- Promotional poster
- Directed by: John Maloof; Charlie Siskel;
- Screenplay by: John Maloof; Charlie Siskel;
- Produced by: John Maloof; Charlie Siskel;
- Starring: John Maloof; Phil Donahue; Mary Ellen Mark; Joel Meyerowitz; Tim Roth;
- Narrated by: John Maloof
- Cinematography: John Maloof
- Edited by: Aaron Wickenden
- Music by: J. Ralph
- Production company: Ravine Pictures
- Distributed by: IFC Films
- Release dates: September 9, 2013 (TIFF); March 28, 2014 (United States);
- Running time: 84 minutes
- Country: United States
- Languages: English; French;
- Box office: $2.2 million

= Finding Vivian Maier =

2013 American documentary film

Finding Vivian Maier is a 2013 American documentary film about the photographer Vivian Maier, written, directed, and produced by John Maloof and Charlie Siskel, and executive produced by Jeff Garlin.

==Synopsis==
Maier was a French-American woman who worked most of her life as a nanny and housekeeper to a multitude of Chicago families. She carried a camera everywhere she went, but Maier's photographic legacy was largely unknown during her lifetime. She died in 2009.

The film documents how Maloof discovered her work and, after her death, uncovered her life through interviews with people who knew her. Maloof had purchased a box of photo negatives at a 2007 Chicago auction, then scanned the images and put them on the Internet. News articles began to come out about Maier and a Kickstarter campaign for the documentary was soon underway (one also using her home movies, audio recordings and other archival materials).

==Interviews==
- John Maloof
- Phil Donahue
- Mary Ellen Mark
- Joel Meyerowitz
- Tim Roth

==Reception==
===Critical response===
Finding Vivian Maier has an approval rating of 95% on review aggregator website Rotten Tomatoes, based on 100 reviews, and an average rating of 7.50/10. The website's critical consensus states, "Narratively gripping, visually striking, and ultimately thought-provoking, Finding Vivian Maier shines an overdue spotlight on its subject's long-hidden brilliance". It also has a score of 75 out of 100 on Metacritic, based on 27 critics, indicating "generally favorable" reviews.

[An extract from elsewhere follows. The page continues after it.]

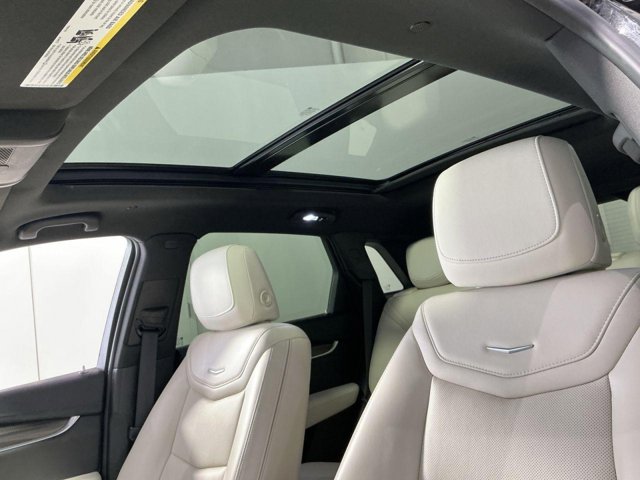 Vehicle image 29 of 36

The film had its world premiere at the 2013 Toronto International Film Festival on 9 September 2013. It was shown in cinemas, and was released on DVD in November 2014. Upon release, the film received critical acclaim, and won various awards, and was nominated for the Academy Award for Best Documentary Feature at the 87th Academy Awards.

===Accolades===
- 2014: Best Documentary Feature, Alaska Airlines Audience Award, Portland International Film Festival.
- 2014: Best New Director Award, Alaska Airlines Audience Award, Portland International Film Festival.
- 2014: Founders Prize for Best Documentary, Traverse City Film Festival.
- 2014: Won (tied with The Overnighters by Jesse Moss) Grand Jury Prize, Knight Documentary Competition, Miami International Film Festival.
- 2014: John Schlesinger Award for Outstanding First Feature, Palm Springs International Film Festival.
- 2014: Nominated for an Academy Award for Best Documentary Feature at the 87th Academy Awards.
- 2014: Nominated for Best Documentary Screenplay from the Writers Guild of America.